• [WHAT TO DO] From the line with "Gångjärn 74 x 40mm RF stål" to the final line of the data below, please write out every line exactly, with no pictures.

• [GIVEN DATA]
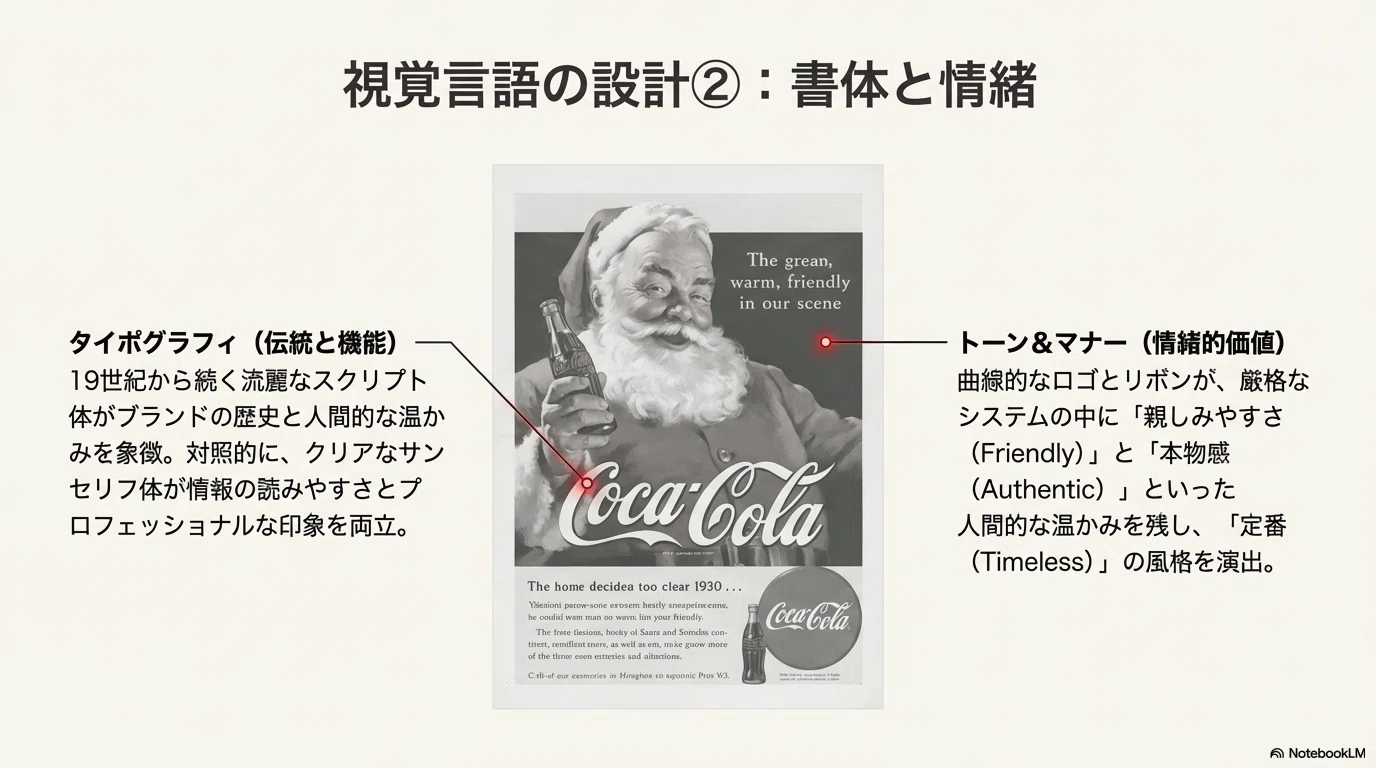 サンタの色を塗り替えたコカ・コーラ。30年で文化を創った戦略の真実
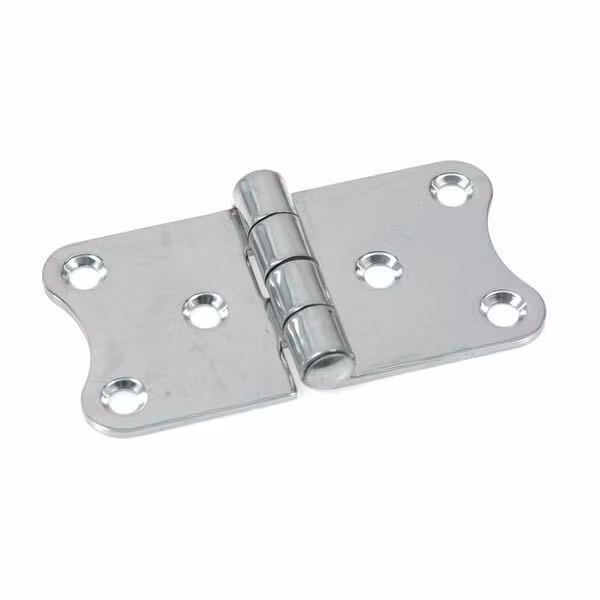 Gångjärn 74 x 40mm RF stål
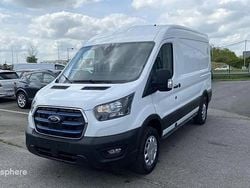 Blanc Utilisé 2024 Ford Transit Business Edition Van | 53 999 €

• [REPLY]
 Gångjärn 74 x 40mm RF stål
 Blanc Utilisé 2024 Ford Transit Business Edition Van | 53 999 €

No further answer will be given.